As we strip each other off in glade or by the side of a supermarket, there’s a refusal to give way to the normal pulses of debilitating shame and embarrassment. Since early adolescence, we have learnt to lock doors and keep curtains shut. We have blushed at the threat of exposure. And yet now we’re no longer bothered by the sounds of passing traffic or the call of an insistent flock of starlings overhead. Emboldened by another’s affection, we are empowered to think that the erotic parts of ourselves don’t need to be sheltered and repressed. The outdoor orgasm that culminates signals our pleasure at finally evading our debilitating self-consciousness.

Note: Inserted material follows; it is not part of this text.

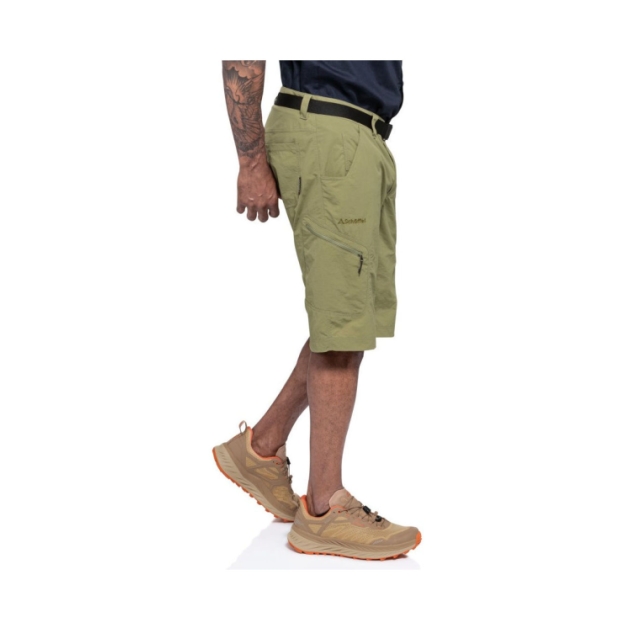 schöffel Shorts Silvaplana2 4605_Solid Olive 22088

It should be no surprise that a great many artists, foremost among them Titian and Boucher, have been alive to the pleasures of sex in the outdoors. To view their work is a chance to turn over in our imagination the luxury and ease of the Garden of Eden, for which each one of us may still deep down hanker. The story of our banishment from Eden and the birth of physical shame isn’t – we can see – just a Biblical story, it’s an account of how we travelled painfully from unhibited toddlerhood to embarrassed adulthood.
Titian, The Three Ages of Man (1512)
Jean-Honore Fragonard, The Swing (1767)
To make love outdoors is a temporary reversal of the Fall. It is the greatest expression of confidence in the wider world, it symbolises that we have tamed the landscape; we are not going to be attacked by wolves or harmed by the mockery of others. For most of our lives, we may have to cower behind double glazing and heating systems, lock our doors and wrap ourselves in padded coats, but now we can delight in a contrastive vision of the landscape as kindly, generous and on our side: the place where we are – for a time – totally at home.
As we penetrate one another in the grass, we aren’t being turned on primarily by our bodies (we could do that just as easily at home). We’re being excited by our yearning to feel – at long last – a little more natural around sex in what is normally an all-too scary and untamed world.